* Task goal:
Set down the entries again word for word, without any of the images.

(Supplied data Opens)

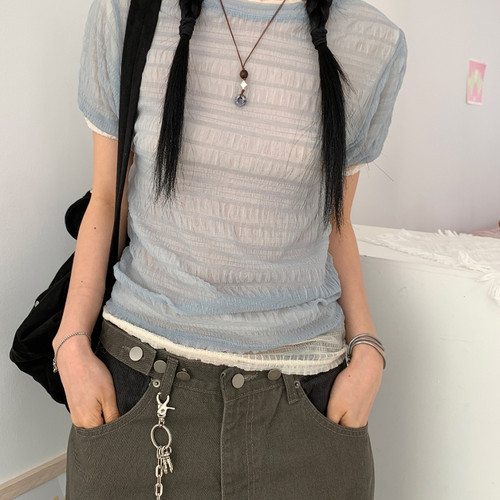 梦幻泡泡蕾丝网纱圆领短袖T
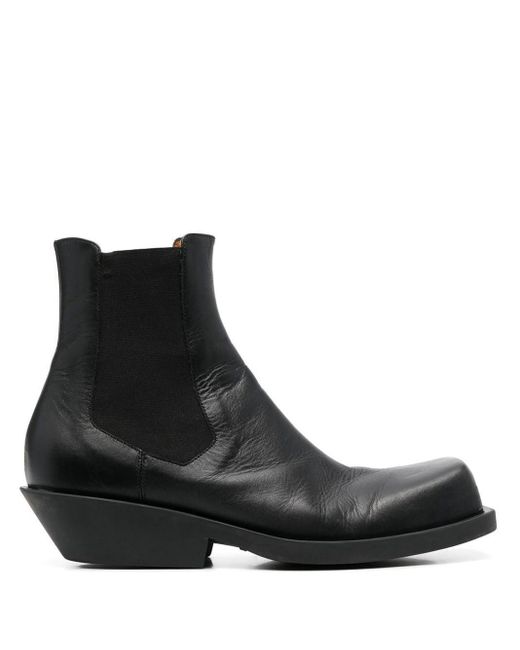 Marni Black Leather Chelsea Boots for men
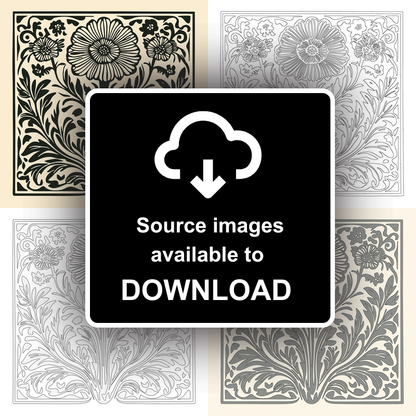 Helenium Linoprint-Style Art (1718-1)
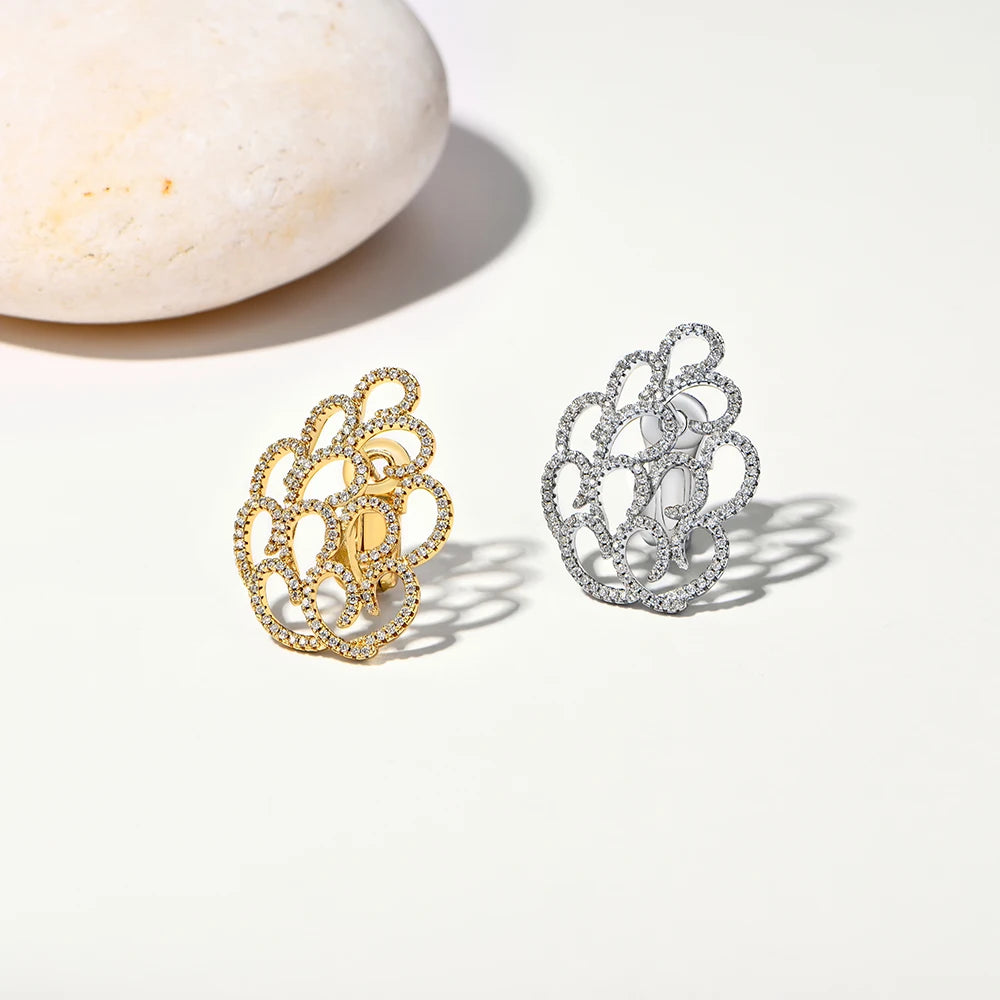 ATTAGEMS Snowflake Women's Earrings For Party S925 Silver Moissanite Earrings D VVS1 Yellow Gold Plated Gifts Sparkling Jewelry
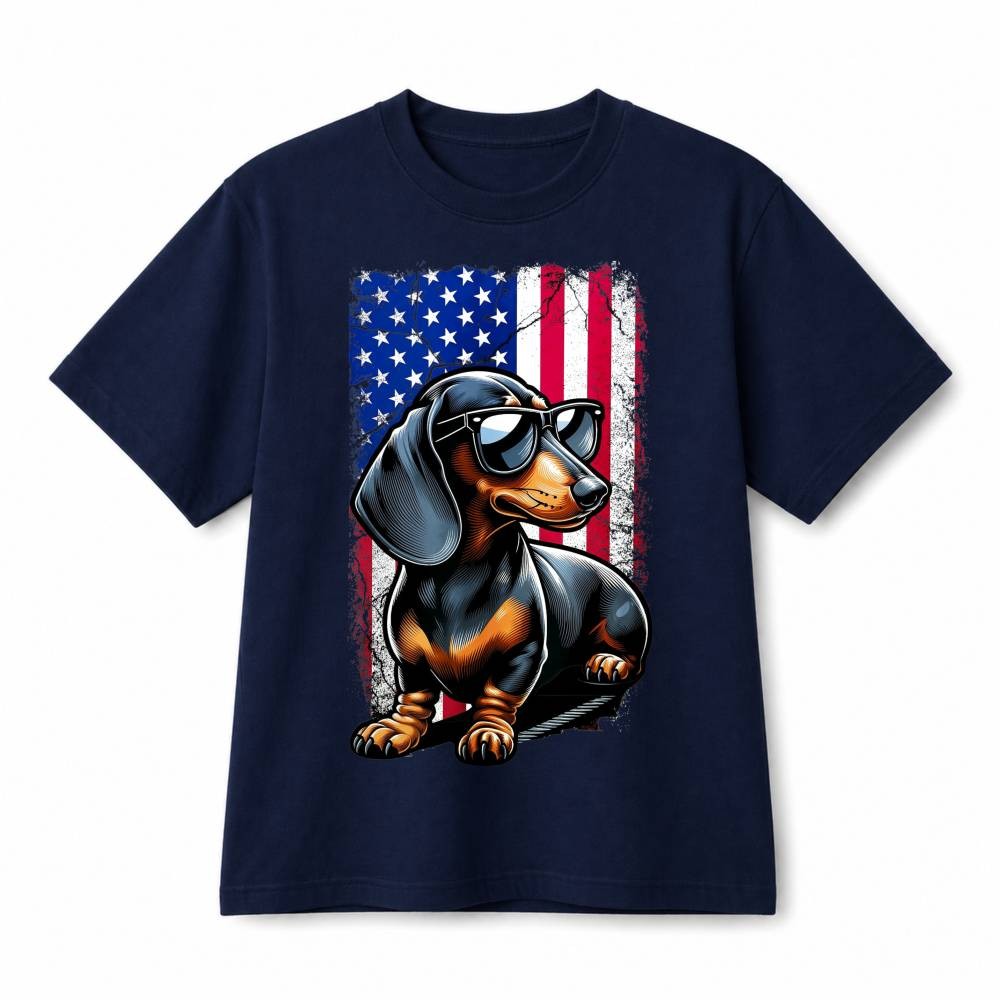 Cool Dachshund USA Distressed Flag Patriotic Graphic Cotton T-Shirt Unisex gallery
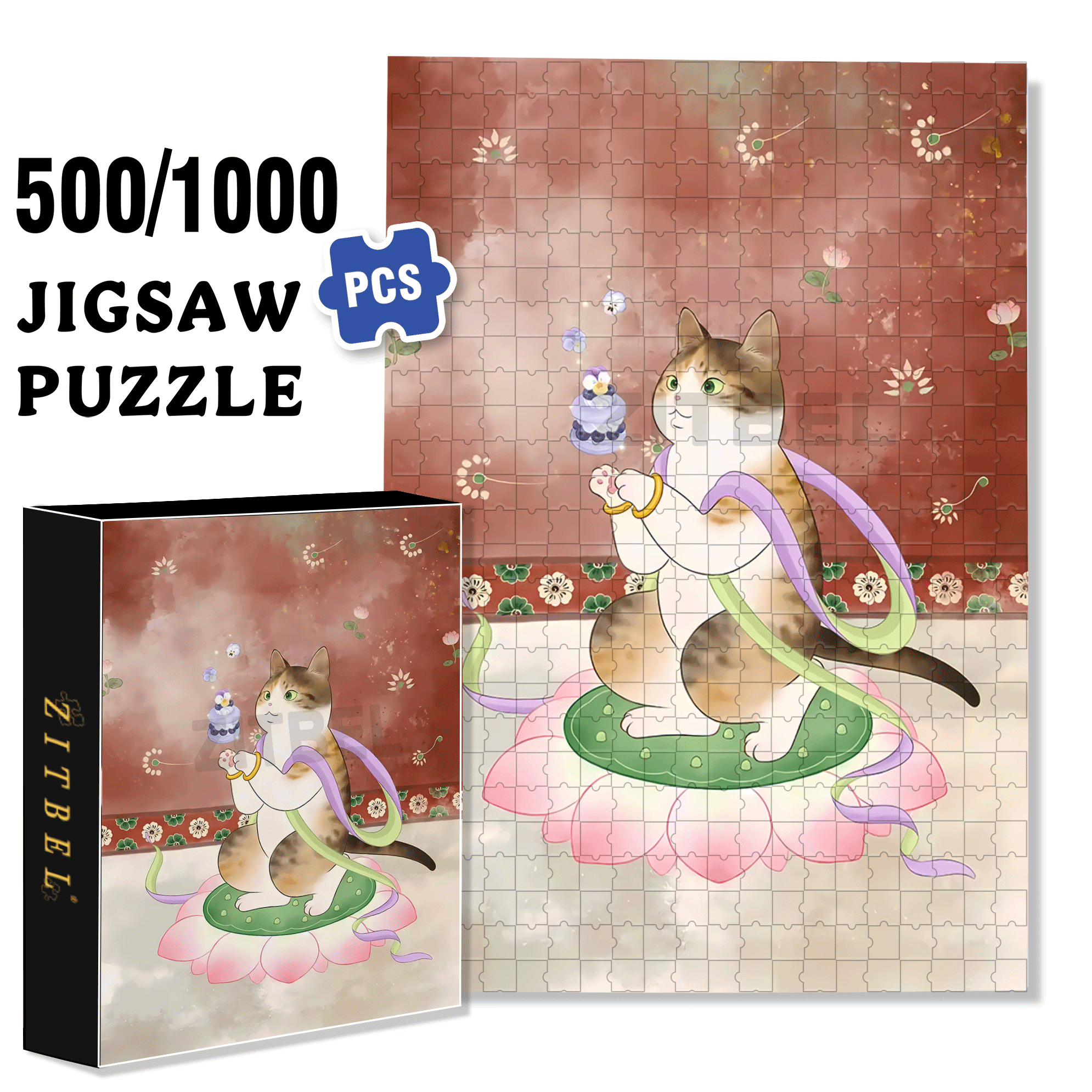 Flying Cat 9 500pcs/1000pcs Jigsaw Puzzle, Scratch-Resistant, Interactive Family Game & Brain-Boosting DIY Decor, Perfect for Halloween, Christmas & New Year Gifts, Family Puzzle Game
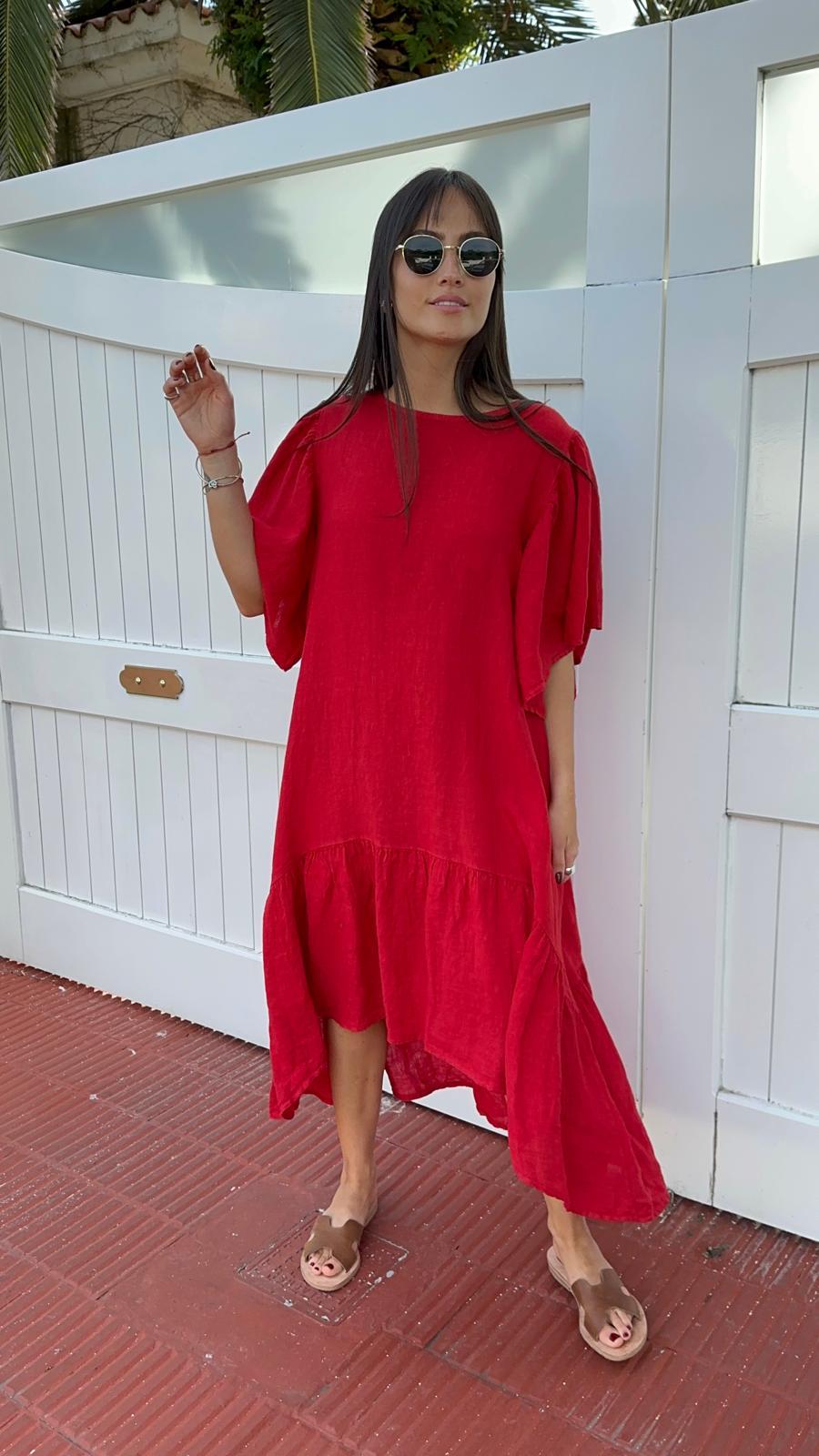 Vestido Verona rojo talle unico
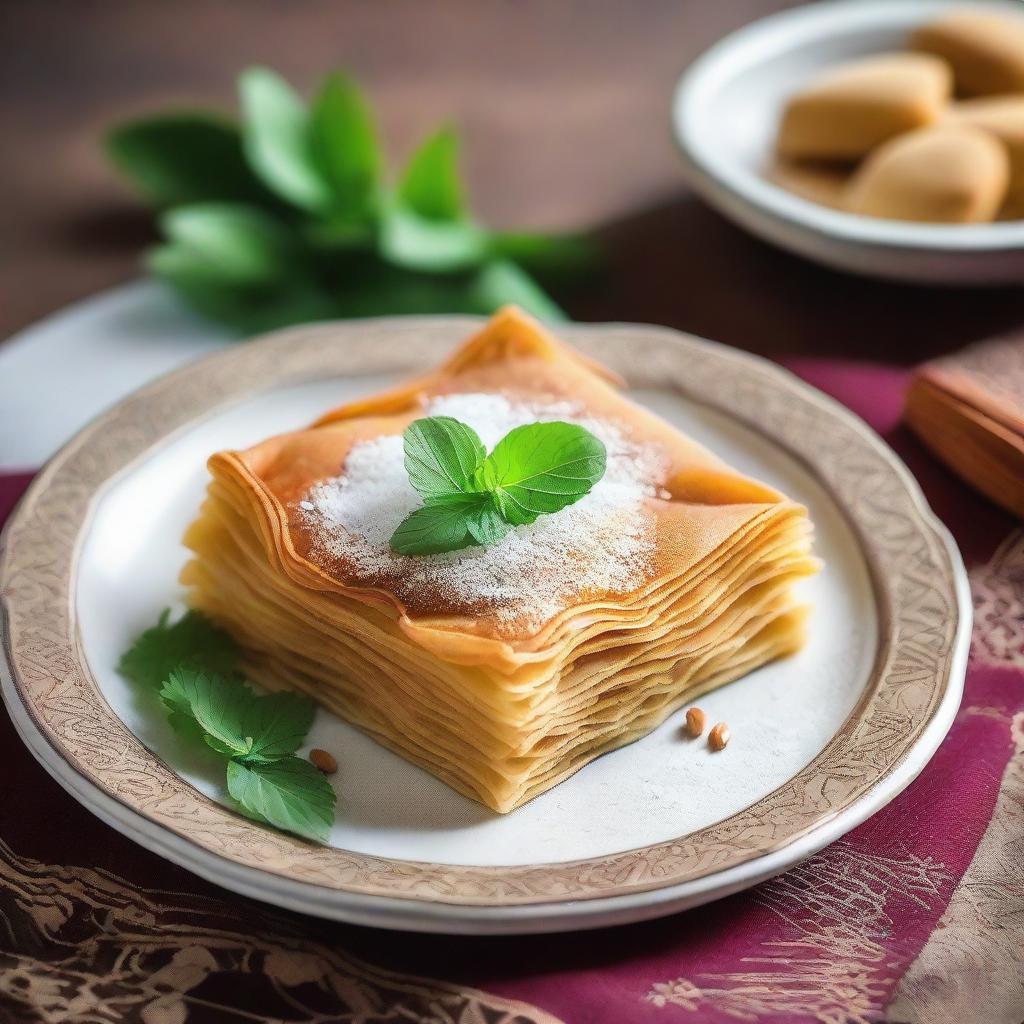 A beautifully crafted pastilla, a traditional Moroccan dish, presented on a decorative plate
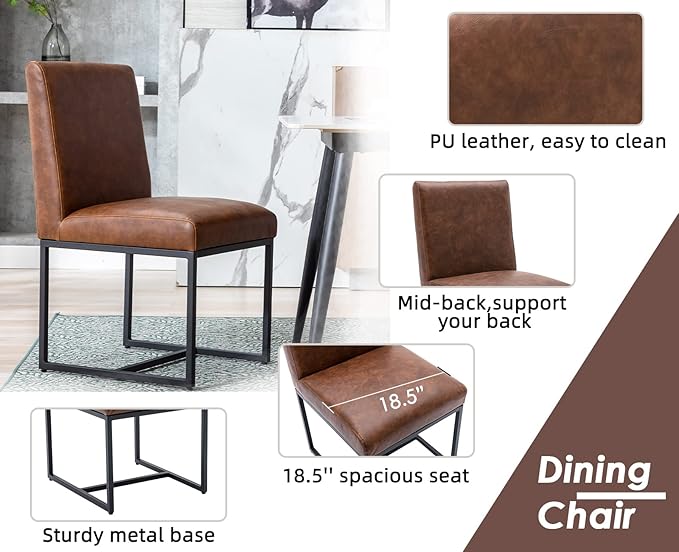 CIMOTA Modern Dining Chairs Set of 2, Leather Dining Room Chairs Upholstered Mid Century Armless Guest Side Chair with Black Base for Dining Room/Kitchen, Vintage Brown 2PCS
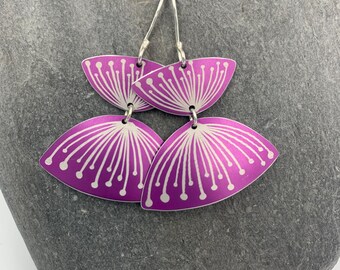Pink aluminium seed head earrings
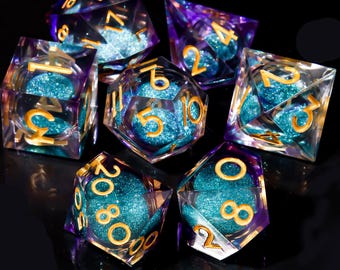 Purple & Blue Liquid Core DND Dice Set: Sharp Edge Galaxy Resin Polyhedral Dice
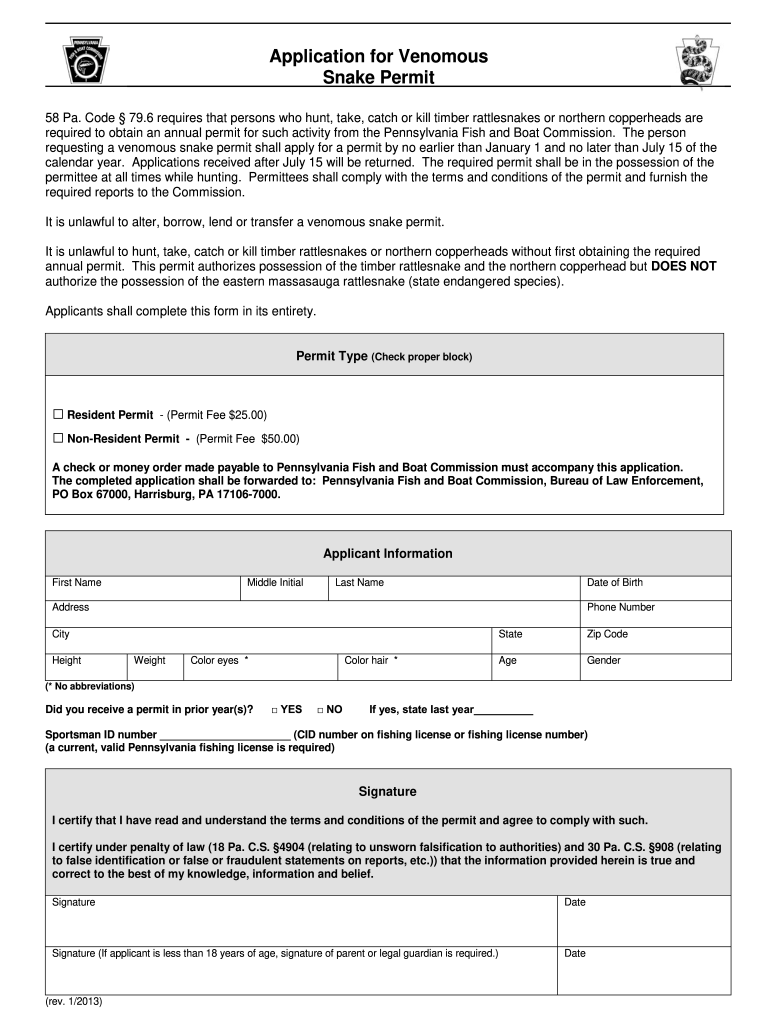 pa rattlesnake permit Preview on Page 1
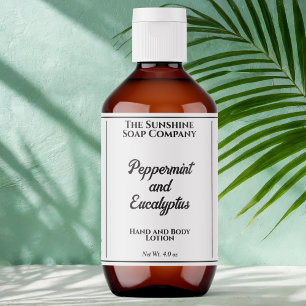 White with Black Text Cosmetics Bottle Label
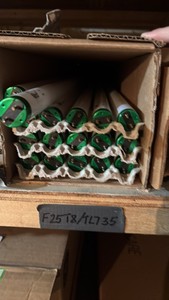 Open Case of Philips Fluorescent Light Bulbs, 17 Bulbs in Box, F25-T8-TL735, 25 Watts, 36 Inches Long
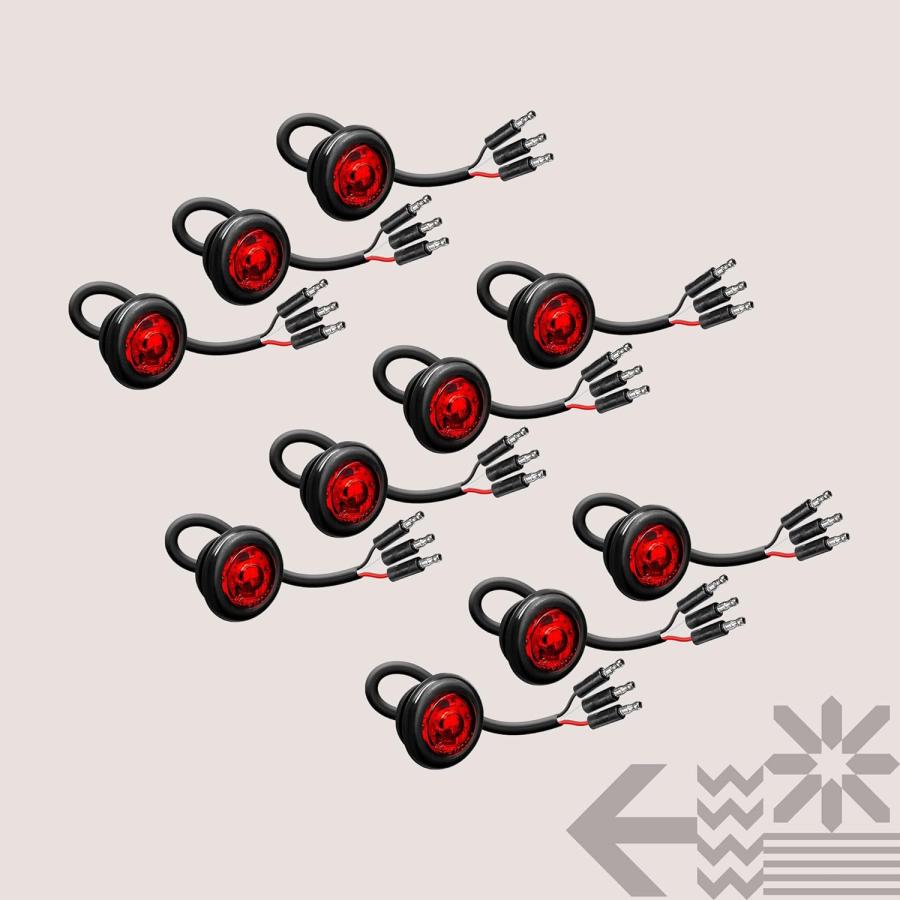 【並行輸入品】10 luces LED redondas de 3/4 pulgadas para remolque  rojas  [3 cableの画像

(Supplied data Closes)

* Problem solution:
 梦幻泡泡蕾丝网纱圆领短袖T
 Marni Black Leather Chelsea Boots for men
 Helenium Linoprint-Style Art (1718-1)
 ATTAGEMS Snowflake Women's Earrings For Party S925 Silver Moissanite Earrings D VVS1 Yellow Gold Plated Gifts Sparkling Jewelry
 Cool Dachshund USA Distressed Flag Patriotic Graphic Cotton T-Shirt Unisex gallery
 Flying Cat 9 500pcs/1000pcs Jigsaw Puzzle, Scratch-Resistant, Interactive Family Game & Brain-Boosting DIY Decor, Perfect for Halloween, Christmas & New Year Gifts, Family Puzzle Game
 Vestido Verona rojo talle unico
 A beautifully crafted pastilla, a traditional Moroccan dish, presented on a decorative plate
 CIMOTA Modern Dining Chairs Set of 2, Leather Dining Room Chairs Upholstered Mid Century Armless Guest Side Chair with Black Base for Dining Room/Kitchen, Vintage Brown 2PCS
Pink aluminium seed head earrings
 Purple & Blue Liquid Core DND Dice Set: Sharp Edge Galaxy Resin Polyhedral Dice
 pa rattlesnake permit Preview on Page 1
 White with Black Text Cosmetics Bottle Label
 Open Case of Philips Fluorescent Light Bulbs, 17 Bulbs in Box, F25-T8-TL735, 25 Watts, 36 Inches Long
 【並行輸入品】10 luces LED redondas de 3/4 pulgadas para remolque  rojas  [3 cableの画像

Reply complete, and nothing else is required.